MÚNICH / François-Xavier Roth despacha ‘Salomé’ en tiempo récord

Múnich. Bayerische Staatsoper. 14-07-2023. Camilla Nylund, Gerhard Siegel, Micaela Schuster, Wolfgang Koch, Evan LeRoy Johnson. Bayerische Staatsorchester. Dirección musical: François-Xavier Roth. Dirección de escena: Krysztof Warlikowski. Richard Strauss: Salomé.

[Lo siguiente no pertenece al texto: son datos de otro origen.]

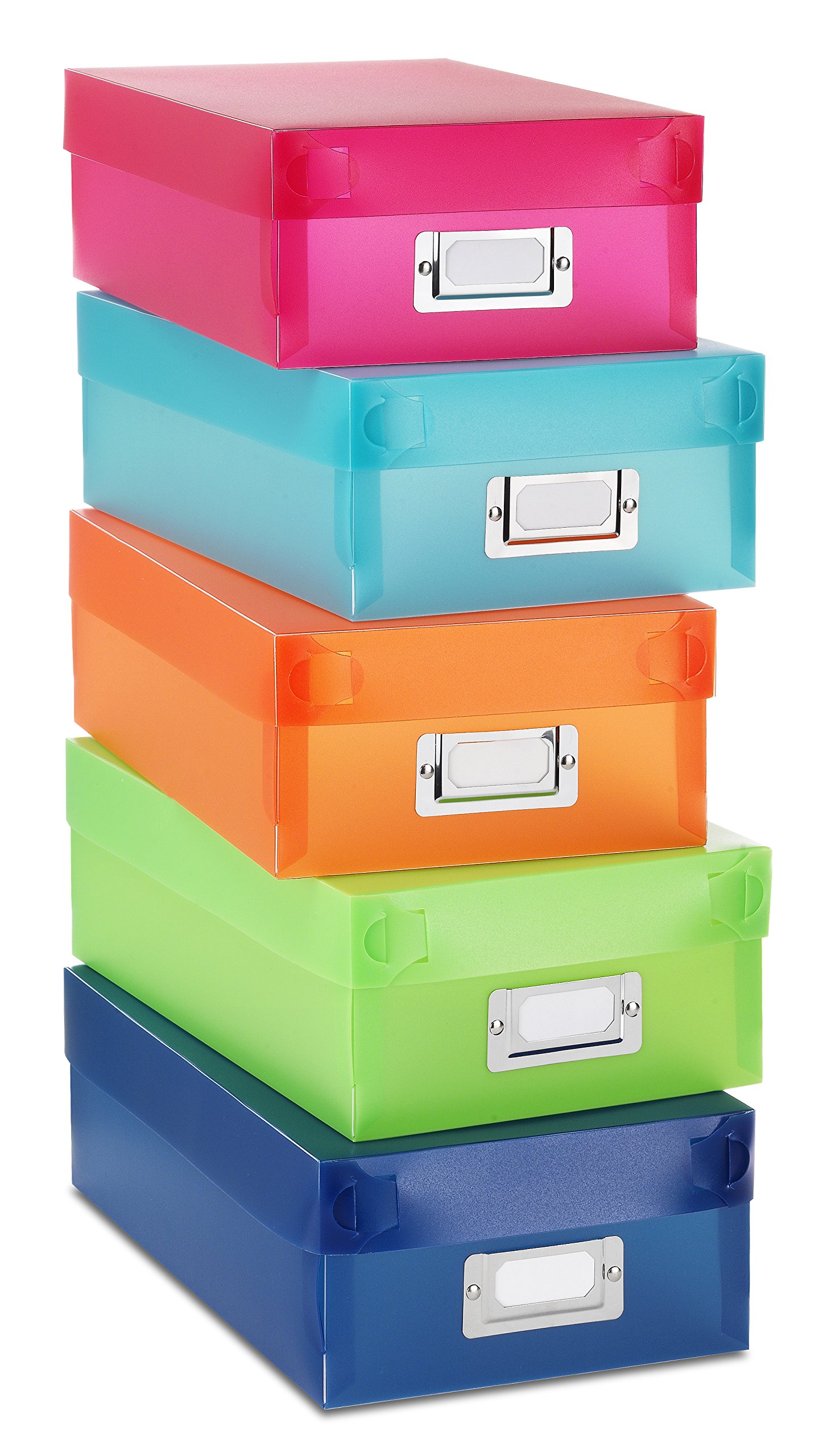 Whitmor Plastic Storage Organizer Boxes - Set of 5, Multi-Purpose Stackable Bins for Home, Office & Closet Organization (Colors May Vary) - Perfect for Toys, Crafts, Makeup & Small Item Storage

Incomprensión, estupor y frustración fueron las sensaciones que me invadieron al término de la representación de Salomé en la Bayerische Staatsoper de Múnich. Ésas fueron mis respuestas anímicas a la pregunta que no podía dejar de hacerme: ¿Cómo es posible que, teniendo ese reparto de voces (la de Salomé, excepcional) y esa orquesta, alguien consiga eliminar de esta obra maestra cualquier rastro de emoción, de desgarro y de sensualidad? Pues François-Xavier Roth lo consiguió. Él solito, porque no hay otro responsable. El director francés metió el turbo y avasalló. Un único y explícito dato: en la página web de la Bayerische se anuncia que la duración de la obra es de 1h45 aproximadamente; la versión de Solti del 61 dura 1h50 más o menos, y no era sospechoso el húngaro de falta de vitalidad. Pues bien, Roth despachó su Salomé en 96-98 minutos a todo tirar. Nunca había mirado el reloj para comprobar la duración de una ópera, pero ante los tempi que imprimió y sobre todo, ante esa forma de avanzar sin respiro, casi pisándose los talones a sí mismo, en esta ocasión me vi impelida a hacerlo.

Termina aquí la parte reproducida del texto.